• **Work to be completed**
Each line starting at the one that contains "芳村花鳥市場有什么賣的：廣州芳村花鳥魚蟲大世界 廣州水族批發(fā)市場 第3張" and ending at the one that contains "HorseID: 2310594 HH" must be returned exactly, and the rest of the listing is left out.

[Data listing — start]

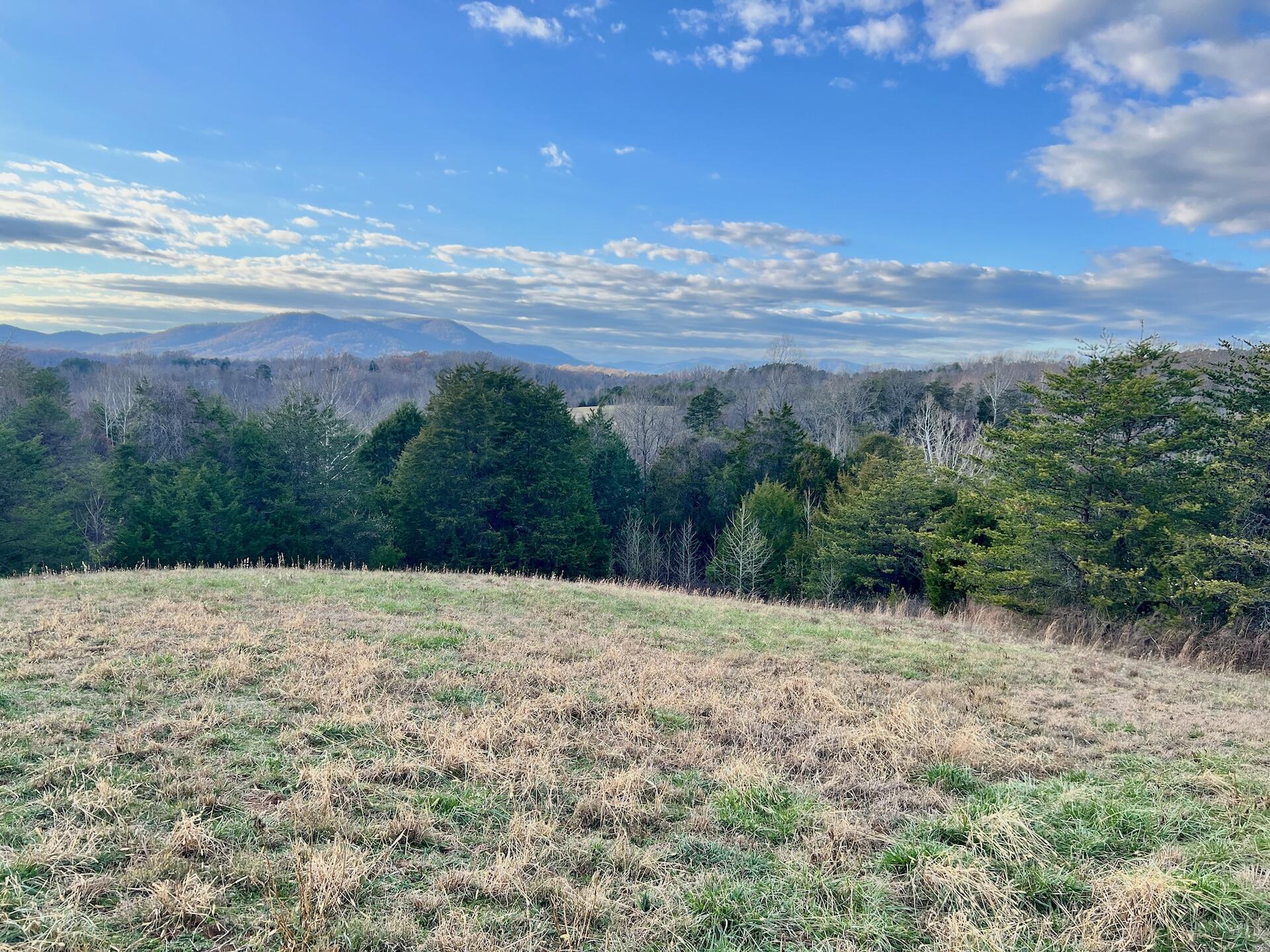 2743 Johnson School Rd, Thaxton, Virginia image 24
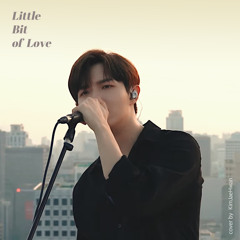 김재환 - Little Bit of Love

[Data listing — finish]
[Data listing — start]

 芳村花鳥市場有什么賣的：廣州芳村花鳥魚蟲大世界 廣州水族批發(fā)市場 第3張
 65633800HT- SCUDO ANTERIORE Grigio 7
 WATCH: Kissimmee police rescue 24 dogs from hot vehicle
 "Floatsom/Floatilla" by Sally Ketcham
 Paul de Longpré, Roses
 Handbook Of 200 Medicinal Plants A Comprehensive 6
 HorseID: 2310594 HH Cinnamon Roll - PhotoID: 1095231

[Data listing — finish]
[Data listing — start]

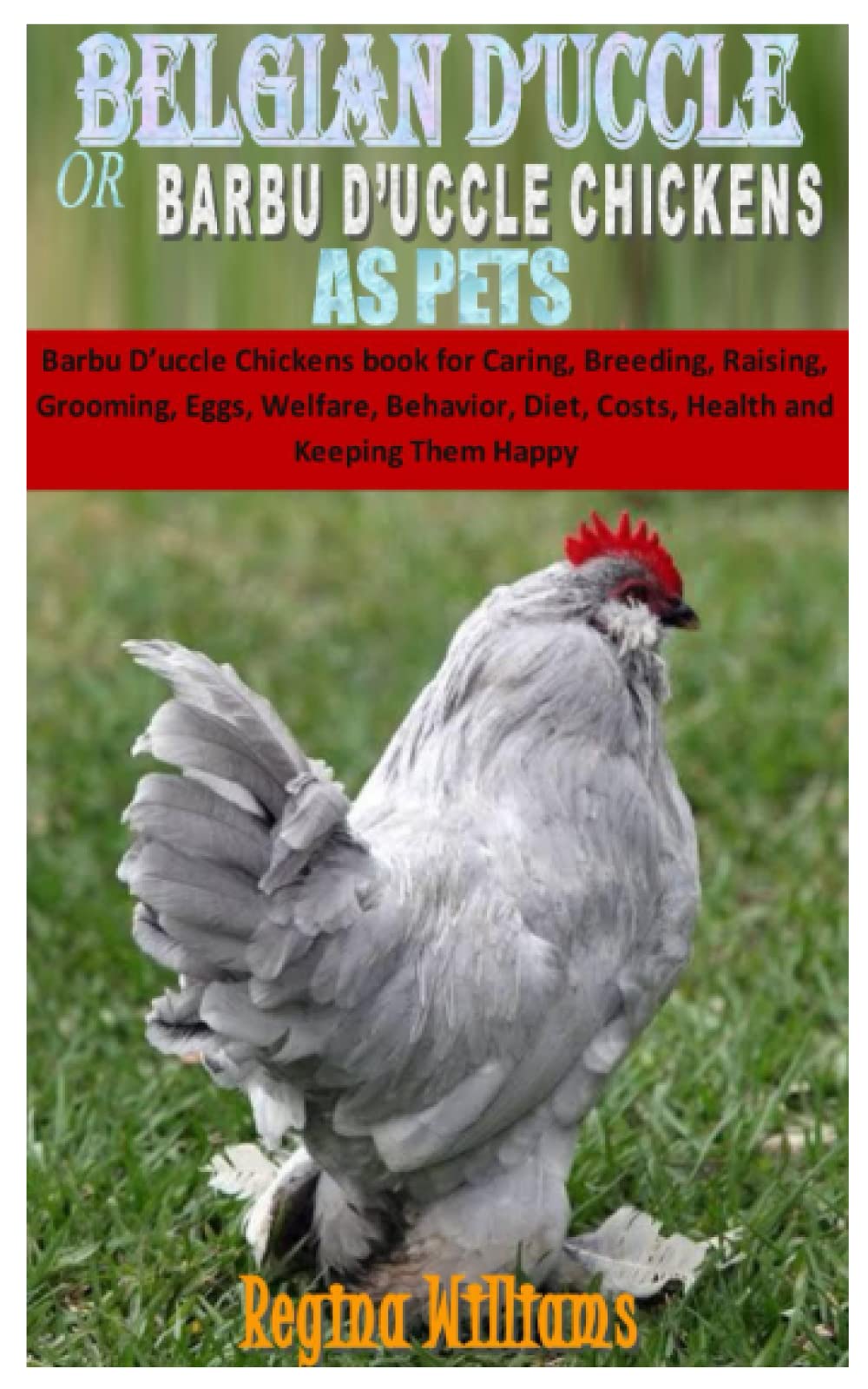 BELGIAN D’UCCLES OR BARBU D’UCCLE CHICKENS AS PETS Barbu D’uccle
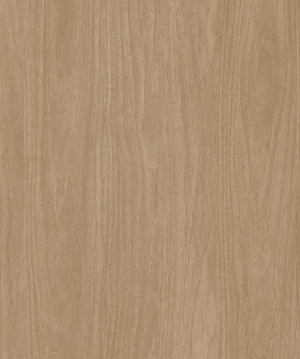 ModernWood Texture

[Data listing — finish]

• **Worked solution**
 芳村花鳥市場有什么賣的：廣州芳村花鳥魚蟲大世界 廣州水族批發(fā)市場 第3張
 65633800HT- SCUDO ANTERIORE Grigio 7
 WATCH: Kissimmee police rescue 24 dogs from hot vehicle
 "Floatsom/Floatilla" by Sally Ketcham
 Paul de Longpré, Roses
 Handbook Of 200 Medicinal Plants A Comprehensive 6
 HorseID: 2310594 HH Cinnamon Roll - PhotoID: 1095231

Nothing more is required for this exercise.